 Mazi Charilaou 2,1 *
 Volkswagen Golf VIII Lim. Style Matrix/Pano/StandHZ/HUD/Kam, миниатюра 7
* * *
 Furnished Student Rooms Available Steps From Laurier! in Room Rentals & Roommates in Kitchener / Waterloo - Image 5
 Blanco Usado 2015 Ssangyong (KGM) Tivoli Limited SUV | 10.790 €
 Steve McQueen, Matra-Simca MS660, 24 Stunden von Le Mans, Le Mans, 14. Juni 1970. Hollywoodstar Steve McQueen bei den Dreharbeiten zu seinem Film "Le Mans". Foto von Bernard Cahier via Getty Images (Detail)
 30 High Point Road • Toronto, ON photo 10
...
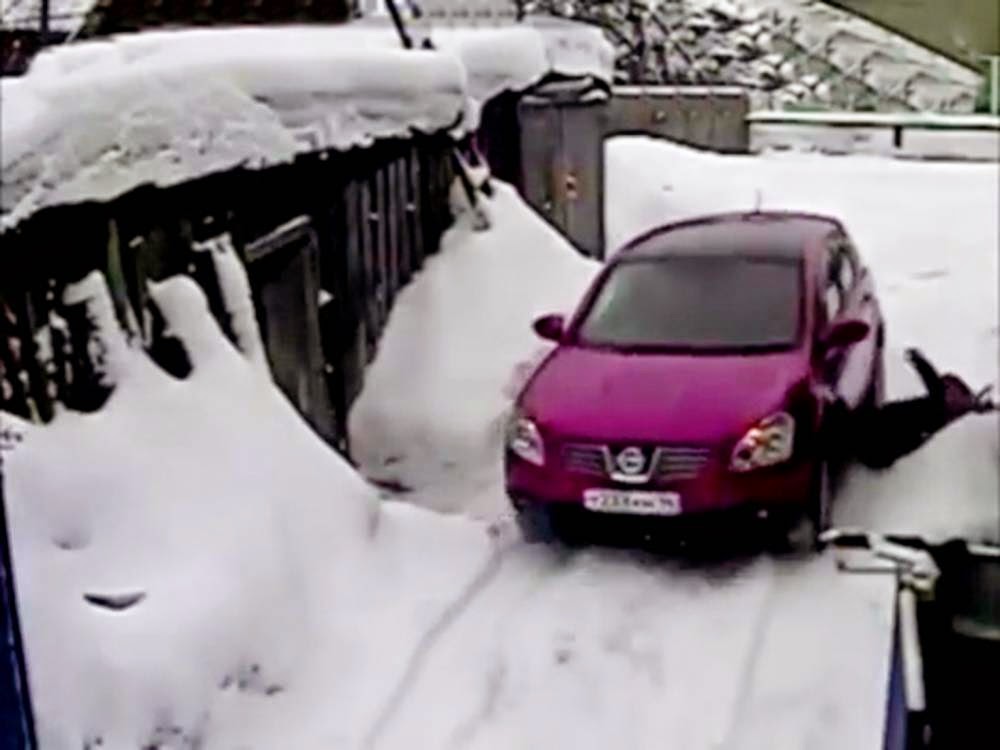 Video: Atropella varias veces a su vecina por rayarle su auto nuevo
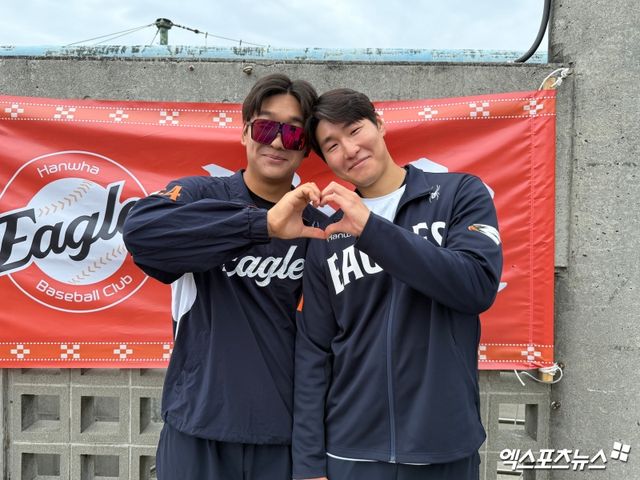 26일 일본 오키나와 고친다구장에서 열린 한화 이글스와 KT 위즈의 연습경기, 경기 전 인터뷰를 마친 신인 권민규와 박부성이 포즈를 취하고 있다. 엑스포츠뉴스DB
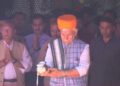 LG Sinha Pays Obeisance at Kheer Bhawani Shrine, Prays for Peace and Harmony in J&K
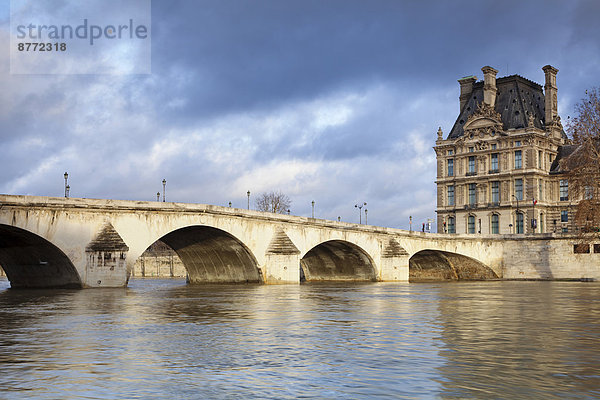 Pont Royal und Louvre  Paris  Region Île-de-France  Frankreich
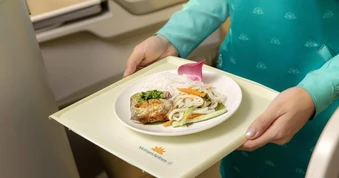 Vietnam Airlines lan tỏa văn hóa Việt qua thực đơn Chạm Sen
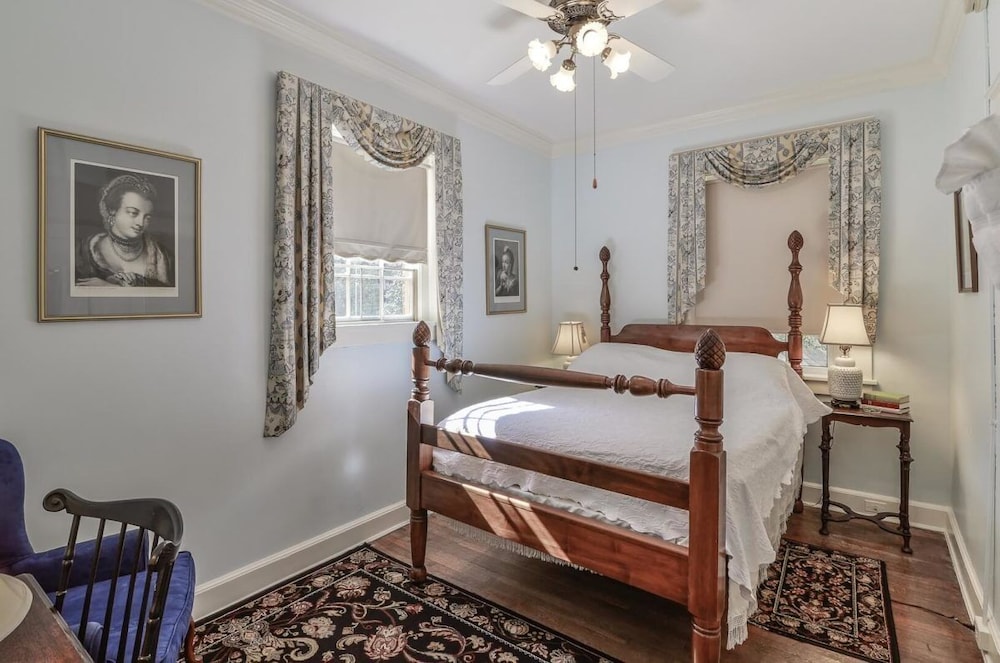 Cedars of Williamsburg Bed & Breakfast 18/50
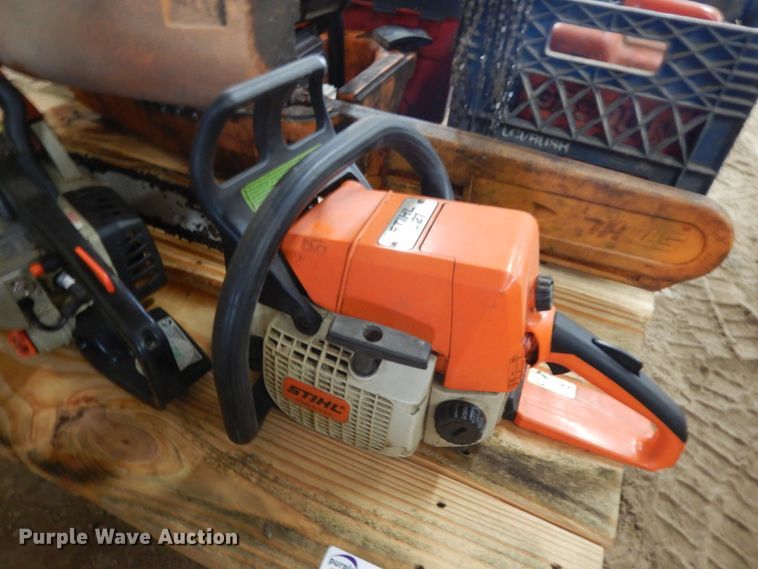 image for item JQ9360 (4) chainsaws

**Description of the task:** In the listing above, find the line containing "Mazi Charilaou 2,1 *" and the line containing "Volkswagen Golf VIII", then repeat those two lines and everything between them exactly.

**Answer box:**
 Mazi Charilaou 2,1 *
 Volkswagen Golf VIII Lim. Style Matrix/Pano/StandHZ/HUD/Kam, миниатюра 7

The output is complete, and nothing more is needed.